AWS S3 Disruption — ME-CENTRAL-1: Two AZs Down, Lessons for Everyone

What Happened

On March 1, 2026, two Availability Zones in the ME-CENTRAL-1 (Middle East — UAE) region went down, taking Amazon S3 and dozens of other AWS services with them. This was not a software bug or a misconfiguration. Physical objects — later confirmed by AWS as drone strikes — hit the data center buildings, sparking fires and forcing the fire department to cut power.

The ME-CENTRAL-1 region has three Availability Zones. Losing two of them at once pushed S3 past its design tolerance.

Timeline

Time (PST)	Event
~4:30 AM, Mar 1	Objects struck the mec1-az2 facility, causing sparks and fire. Fire department shut off power and generators.
5:19 AM, Mar 1	AWS Health Dashboard reported connectivity and power issues affecting APIs and instances in mec1-az2.
~10:46 PM, Mar 1	Power issue expanded to mec1-az3. A second Availability Zone was now impaired.
Mar 2 onward	AWS continued recovery. mec1-az2 remained physically offline — engineers awaiting fire and safety clearance to re-enter the building.

Why S3 Went Down

Amazon S3 is architected to tolerate the loss of a single Availability Zone. When only mec1-az2 went down, S3 continued operating normally — reads and writes were still being served from the remaining two AZs.

The moment mec1-az3 also became impaired, S3 lost its redundancy buffer. With two out of three AZs degraded, customers saw high failure rates for both data ingest and egress. PUT and LIST operations failed at elevated rates. Newly written objects could not be reliably retrieved.

What Else Was Impacted

At the peak of the incident, AWS listed nearly 60 services as affected:

Offline or severely degraded: EC2, S3, DynamoDB, Lambda, EKS, Cognito
Elevated errors: RDS, Redshift, CloudWatch, and more
AWS Console and CLI were also disrupted in the region

The damage was not limited to ME-CENTRAL-1. AWS also reported connectivity and API errors in ME-SOUTH-1 (Bahrain), where a separate drone strike in close proximity caused a localized power issue in a single AZ, degrading 50+ services including EC2 and RDS.

Downstream, SaaS providers felt it too. Snowflake attributed service disruptions in the region to the AWS outage. Abu Dhabi Commercial Bank reported that its platforms and mobile app were affected.

How: AWS Recommendations

AWS issued clear guidance during the incident:

Redirect S3 traffic to an alternate region immediately. Do not wait for recovery.
Enact your disaster recovery plans.

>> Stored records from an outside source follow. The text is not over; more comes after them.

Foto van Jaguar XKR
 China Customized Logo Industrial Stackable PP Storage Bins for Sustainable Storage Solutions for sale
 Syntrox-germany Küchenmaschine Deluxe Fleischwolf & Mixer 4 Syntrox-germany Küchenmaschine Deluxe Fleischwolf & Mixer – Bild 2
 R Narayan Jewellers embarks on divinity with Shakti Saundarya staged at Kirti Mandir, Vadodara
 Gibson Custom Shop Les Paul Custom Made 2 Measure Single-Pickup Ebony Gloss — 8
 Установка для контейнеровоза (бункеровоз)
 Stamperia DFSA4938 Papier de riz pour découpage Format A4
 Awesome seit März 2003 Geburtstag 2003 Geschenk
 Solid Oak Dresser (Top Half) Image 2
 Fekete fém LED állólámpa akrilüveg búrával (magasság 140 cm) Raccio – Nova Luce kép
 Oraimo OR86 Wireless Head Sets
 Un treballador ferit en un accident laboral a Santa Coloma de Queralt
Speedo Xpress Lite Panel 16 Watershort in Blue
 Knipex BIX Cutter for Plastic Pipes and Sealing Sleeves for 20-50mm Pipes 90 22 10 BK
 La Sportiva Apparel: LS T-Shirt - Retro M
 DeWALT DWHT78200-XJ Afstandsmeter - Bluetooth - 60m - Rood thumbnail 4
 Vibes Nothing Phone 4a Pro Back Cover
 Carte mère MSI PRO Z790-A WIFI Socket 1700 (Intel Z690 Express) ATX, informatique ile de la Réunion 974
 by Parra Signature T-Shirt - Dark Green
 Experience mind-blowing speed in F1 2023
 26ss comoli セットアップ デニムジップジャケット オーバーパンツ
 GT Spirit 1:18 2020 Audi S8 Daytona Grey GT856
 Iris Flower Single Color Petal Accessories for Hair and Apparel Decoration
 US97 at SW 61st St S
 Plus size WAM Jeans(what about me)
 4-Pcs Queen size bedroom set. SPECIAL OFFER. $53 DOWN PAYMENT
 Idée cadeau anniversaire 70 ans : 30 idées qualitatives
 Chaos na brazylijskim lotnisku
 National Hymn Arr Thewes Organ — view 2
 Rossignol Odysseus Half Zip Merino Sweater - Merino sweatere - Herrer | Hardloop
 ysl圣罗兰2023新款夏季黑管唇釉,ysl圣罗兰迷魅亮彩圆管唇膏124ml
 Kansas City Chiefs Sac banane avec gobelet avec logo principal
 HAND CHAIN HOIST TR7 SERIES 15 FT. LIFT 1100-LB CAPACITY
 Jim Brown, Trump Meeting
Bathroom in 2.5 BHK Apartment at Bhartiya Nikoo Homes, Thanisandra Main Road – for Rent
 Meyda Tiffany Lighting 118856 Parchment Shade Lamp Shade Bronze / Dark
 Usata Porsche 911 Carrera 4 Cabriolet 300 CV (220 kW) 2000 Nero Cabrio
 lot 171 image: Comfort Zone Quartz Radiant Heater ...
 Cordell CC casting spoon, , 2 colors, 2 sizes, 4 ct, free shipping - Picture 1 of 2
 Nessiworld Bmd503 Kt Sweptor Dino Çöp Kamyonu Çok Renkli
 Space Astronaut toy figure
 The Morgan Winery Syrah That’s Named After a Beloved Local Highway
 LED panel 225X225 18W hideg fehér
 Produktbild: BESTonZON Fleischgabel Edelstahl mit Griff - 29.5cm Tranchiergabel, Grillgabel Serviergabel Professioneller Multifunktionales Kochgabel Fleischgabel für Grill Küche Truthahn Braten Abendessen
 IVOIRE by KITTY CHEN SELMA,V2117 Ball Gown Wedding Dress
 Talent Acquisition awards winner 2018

Recover from remote backups into alternate AWS regions.
Operate out of alternate Availability Zones or Regions until full recovery is confirmed.

The Big Reminder

This incident drives home a point that every SRE has heard but not everyone has acted on:

Single-region architecture = single point of failure.

Multi-region replication and tested DR strategies are not optional. Here is the minimum checklist:

Enable S3 Cross-Region Replication (CRR) to keep a warm copy of critical data in another region.
Test your DR runbook regularly. Know how to redirect traffic and re-point DNS before an incident — not during one.
Use Route 53 health checks + failover routing to automatically shift traffic when a region goes down.
Avoid hard-coding a single region in your application config. Use environment variables or feature flags to switch regions quickly.

This was AWS's most significant outage since the US-EAST-1 incident in October 2025. But unlike a software bug that gets patched in hours, physical damage to a data center takes days to recover from. That changes the math on how much DR investment is "enough."

P/S: If your architecture only lives in one region and you're reading this thinking "it won't happen to us" — it already happened to AWS. In a region with three AZs. With two of them taken out by the same event. The question is not if, but when. Set up CRR this week.